500ml缶のビール1本を飲んだら、最低5時間は運転を待とう

すなわち、500ml缶のビール(純アルコール20g)1本を飲んだ場合には、

20g÷4時間以上=5時間以上

となり、飲酒運転を避けるためには、飲酒後に最低でも5時間は待つ必要があります。

「アルコールは一晩明ければ大丈夫」と考える人は少なくありませんが、この計算式を考えれば、深夜まで深酒していた場合には、翌朝になっても体内にアルコールが残っており、そのまま車を運転すると飲酒運転になる可能性が高いです。

夜遅くまで多量の飲酒をした場合には、絶対に車の運転をしないようにしましょう。

飲酒運転が危険な理由

それでは、なぜ飲酒運転は危険なのでしょうか?

アルコールは安全運転に必要な脳・体の機能に悪影響を及ぼす

第一に、アルコールが脳・体の機能に与える影響の問題があります。
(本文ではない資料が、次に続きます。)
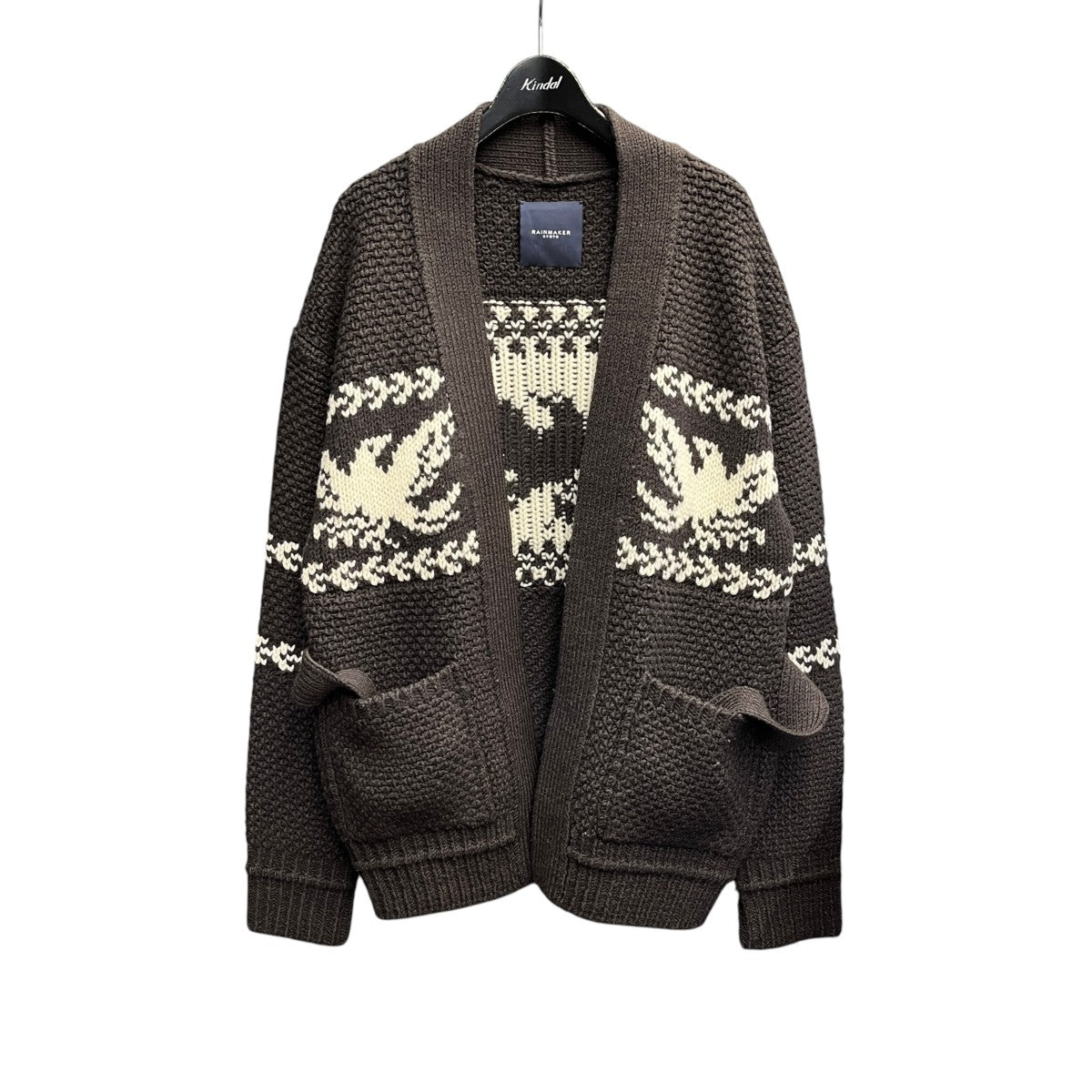 BELTED COWTIN SWEATERカウチンカーディガン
具体的には以下のとおりです。

認知・判断能力が低下する

動体視力の低下と視野狭窄のために、信号の変化および路上の人や車の動きの見極めなどの認知が遅れます。

また、抑制が取り払われ理性も失われ、スピードの出し過ぎに気づかなかったり、乱暴なハンドル操作をしたりなど判断力が低下します。

状況変化への反応時間が遅くなる

集中力が鈍り、運動神経をつかさどる神経も麻痺しているため、とっさの状況変化への反応時間が遅くなります。
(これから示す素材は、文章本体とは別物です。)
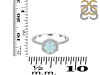 Blue Chalcedony & White Topaz Ring BLX-RDR-3146.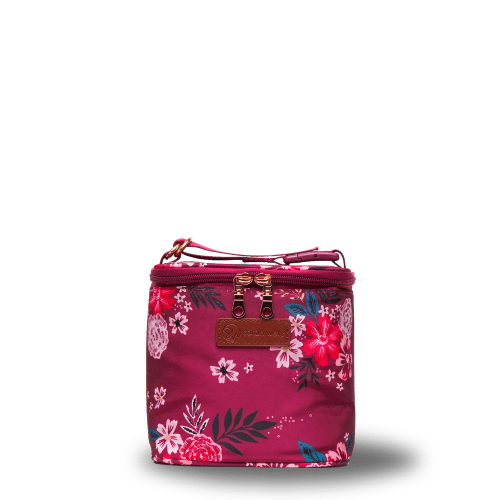 Cold Gold Breastmilk Cooler Bag (Ice Pack Included) (Berry Bloom)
例えば、先行車が減速した場合の適切なハンドル操作やブレーキ動作に遅れが生じます。

直進運転できなくなる

体の平衡感覚が乱れ、直進運転できず、蛇行運転をしがちです。

これにより、信号無視、カーブを曲がりきれない、横断中の人の見落とし、ハンドル操作の誤り、ガードレールや電柱への衝突などを起こす場合があります。

飲酒運転は死亡事故率が高く危険

警察庁が発表している飲酒有無別の死亡事故率(交通事故件数に占める死亡事故件数の比率)の比較によると、令和3年中の飲酒なし運転は、死亡事故率が0.75%であるところ、飲酒運転では死亡事故率は6.92%にまで上がります。

飲酒なし/飲酒運転での死亡事故率比較(令和3年)※グラフは警察庁WEBサイト内容を元に弊社作成

つまり、飲酒運転は、飲酒なし運転よりも死亡事故率が約9.2倍も高く非常に危険なのです。
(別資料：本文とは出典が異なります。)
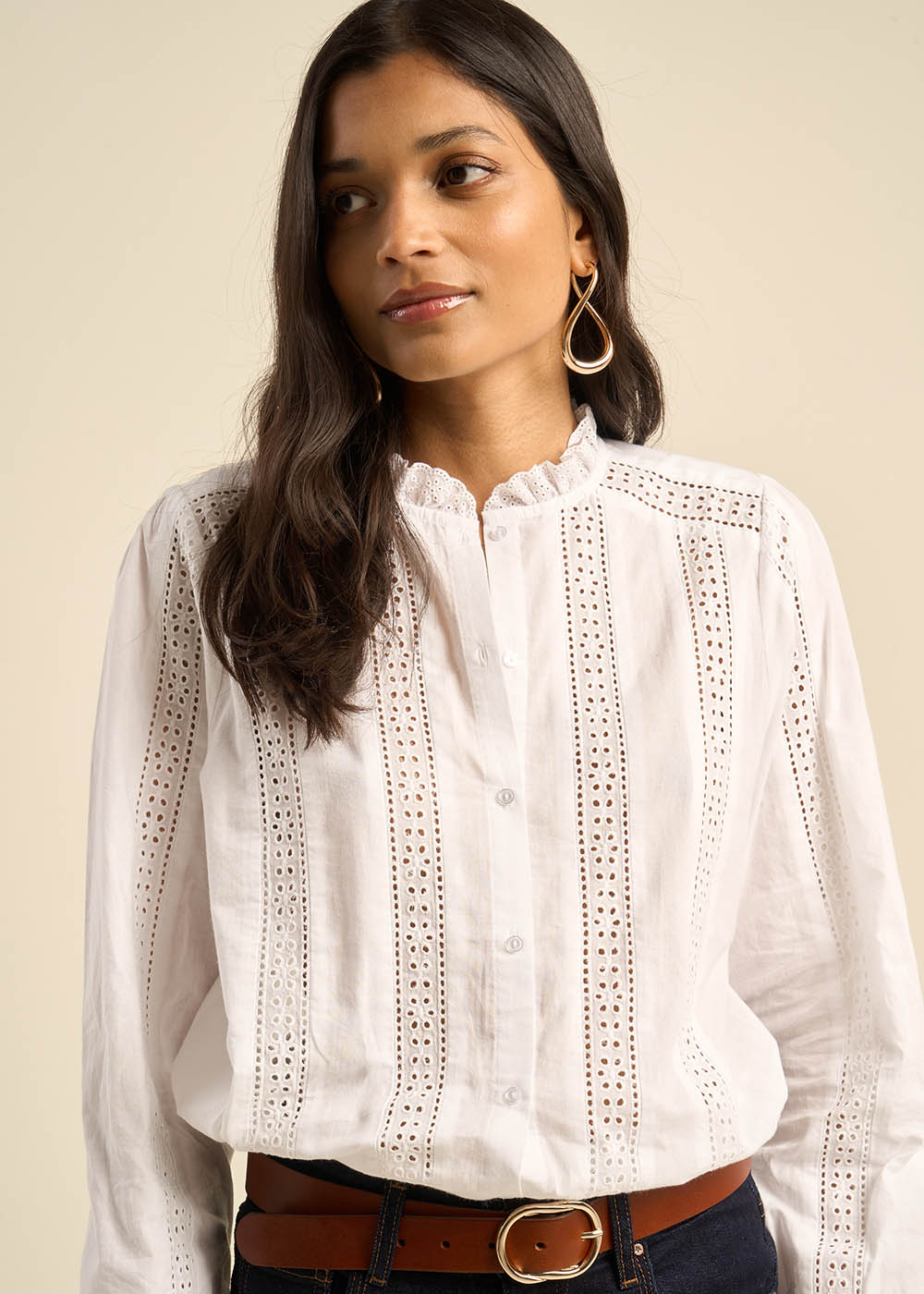 CABALINA Embroidered shirt - 2 - Sud Express - Sud Express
これは、飲酒運転が死亡事故につながりやすいことを示しています。

飲酒運転で人身事故を起こすと社会的制裁を受ける

飲酒運転が事故を起こしやすいことについては前述したとおりですが、もし飲酒運転で人身事故を起こした場合には、以下の社会的制裁を受けます。

  • 勤務先を解雇される、内定取り消しを受けるなど社会的地位を失う
  • 新聞、ニュースなどのメディアで報道される
  • 被害者への民事上の損害賠償責任を負う
  • 家族や周囲の人からの信用を失う

まとめ

飲酒運転には、「酒気帯び運転」「酒酔い運転」の2種類があり、「酒気帯び運転」では3年以下の懲役または50万円以下の罰金が、酒酔い運転では5年以下の懲役または100万円以下の罰金が科せられるほか、それぞれに違反点数があり、行政処分として免停や免許取り消しがなされます。

飲んだら乗るな!飲酒運転は絶対に避けよう

アルコール・薬物関連3学会が示している飲酒運転予防ガイドラインによると、500ml缶のビール1缶の飲酒でも、最低5時間の待ちが必要です。

飲酒した翌朝でもアルコールが残っている可能性は十分にあるため、「もうお酒も抜けたから」などの自己判断は避け、飲酒した後の車の運転は絶対にひかえましょう。

飲酒運転では、「認知・判断能力の低下」「状況変化への反応時間が遅くなる」「直進運転できなくなる」など脳・体に大きな影響が出ます。

飲酒運転は、死亡事故率が飲酒なし運転の約9.2倍に上るほど危険性が高いことからもわかるとおり、大事故につながりやすくなります。
人身事故だった場合には、大きな社会的制裁をも受けることになります。

「少しくらい大丈夫」という気のゆるみから安易な飲酒運転をすると、罰則・罰金・違反点数が科せられるだけではなく、深刻な事故につながり、場合によっては自分や他者を死亡させることにもつながりかねません。

ドライバーも周囲の人も、「飲んだら乗るな」を常に心に留め置き、飲酒した後は絶対に運転を避けるようにしましょう。